1. Thou shalt not play games with the food.
2. Thou shalt not allow male children to wear sandals.
3. Thou shalt not make fun of Florida deer hunters.
4. Thou shalt not take advantage of, nor make fun of town folks, 3 is relevant but not equal to.
And now some details;
1. The Lord God created certain food items for specific reasons. It was for these reasons and these reasons only did he create them. Examples are.
A. Chickens. Created exclusively for the sole and express purpose of frying. Only in rare instances are any variations acceptable. It may, in these select case’s be acceptable to boil a chicken if, and only after certain criteria have been met, one intends to make dumplings, dressing, or in extreme emergencies chicken salad. May a pox be visited on anyone defiling my creation with any kind of sauce. He created rice and or mashed potatoes for the sole purpose of chicken gravy.
B. All meats, fish, fowl, pork, and beef were created with the sole intention of frying likewise. Again, while under duress, certain specific exemptions can be applied for and subject to approval, be granted in order to grill said meats.
C. Vegetables serve specific purposes and may not be mixed together and baked under any circumstances. The word casserole is derived from the Hebrew and being translated means, “a camel rolled over”. As with a lot of his culinary creations they serve more than one purpose. One exception to the pork rule is ham hock. An ingenious innovation expressly for adding to vegetables during the boiling phase of preperation. He created all this and all was good until someone’s son-in-law had to have a job to get him out of the house. God had nothing to do with cholesterol; this came over with the Beatles in the early-60's. Remember ladies, He’s already kicked us out of garden one time for not following one simple rule about the food.
Number 2 serves the purpose of protecting the gender identity of these impressionable and vulnerable adolescents. Failure to provide acceptable footwear [boots, tennis shoes, etc....] could result in said child forgoing football and baseball in favor of soccer. Another abomination that slipped in while he wasn’t watching.
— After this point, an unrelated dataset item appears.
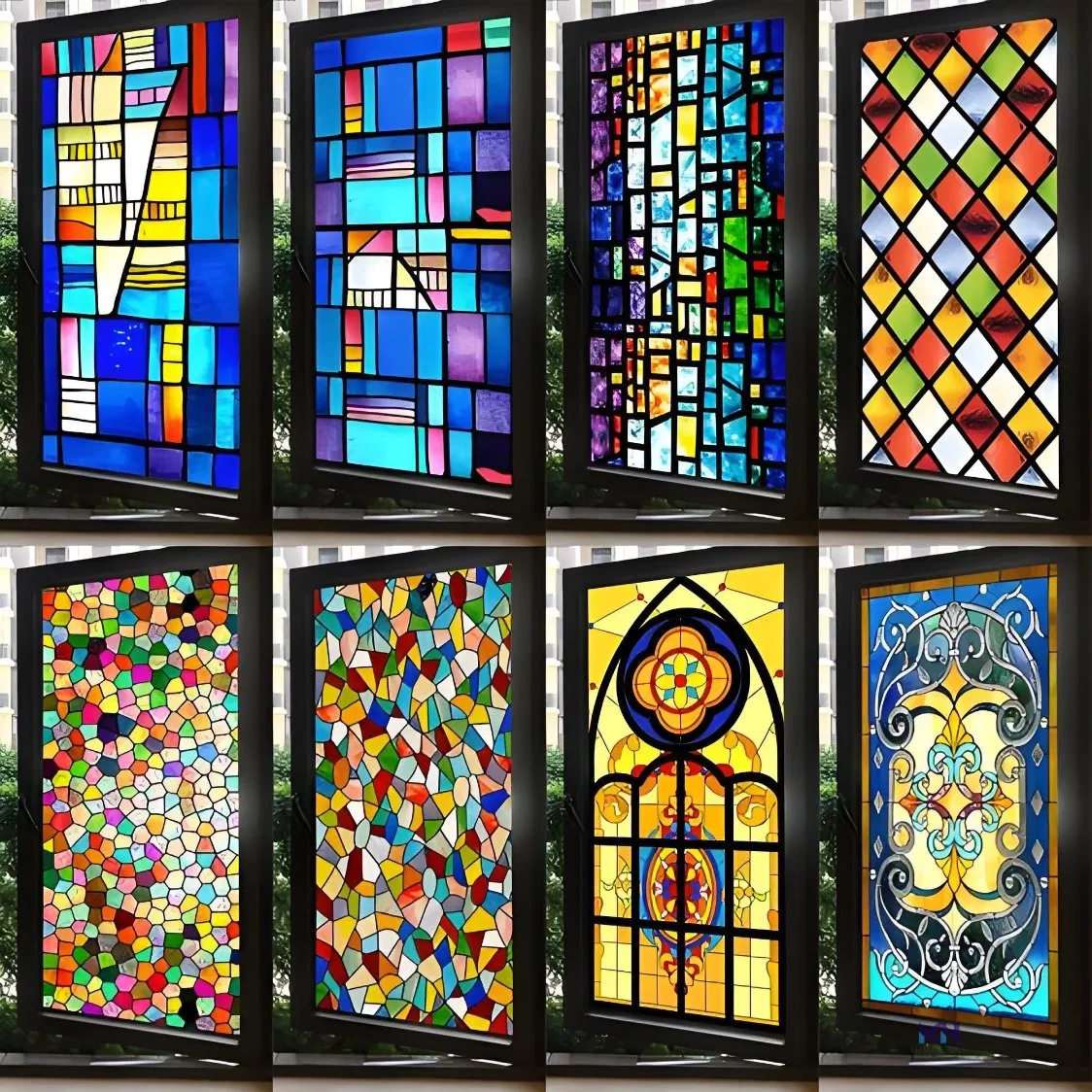 Elegant 4mm-10mm Stained Glass for Home Appliance Windows and Doors Wall Decoration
3. Despite the well-documented fact that they will buy any and everything they see that even remotely implies it will enhance antler growth, this is considered by the almighty to be equal to hunting over bait. Too easy. It shall be expressly forbidden to sell them grain bin floor sweepings in a sack marked, “antler mix”. This indiscretion falls under the same jurisdiction as Yankees and reptile farms. Even though it is great fun and ultimately profitable it is considered to be taking unfair advantage and thus prohibited.
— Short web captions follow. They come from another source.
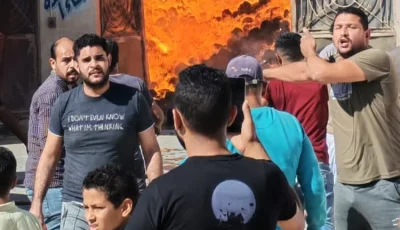 حريق هائل في مخزن مصنع ملابس بالعامرية في الإسكندرية وإصابة عامل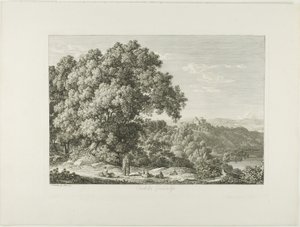 Slottet Gandolfo av Johann Christian Reinhart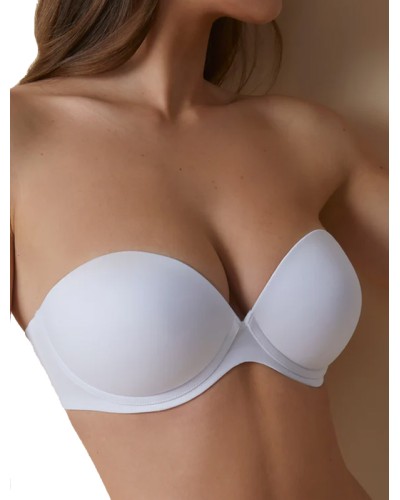 Soutien-gorge push-up sans bretelles TANIA avec silicone antidérapant, bonnet B - Selene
4. Many of the forbidden possibilities mentioned in rule 3 can henceforth be applied in rule 4. Some additions are, but are not limited to, selling them peanuts, corn, pecans, or any garden produce. It is their God given right that you simply and eagerly give it to them. Delivery and proper preparation is desired but not mandated. Forget about the fact that you had to buy the seeds and fertilizer and diesel fuel. That is irrelevant and thus of no consequence. You’re not supposed to notice that they charge you for the items you garner from their businesses but the same principles do not apply for you. In conclusion be faithful and just and in the end he'll arrange a corner mansion with an upstairs window so you hunt from the bed.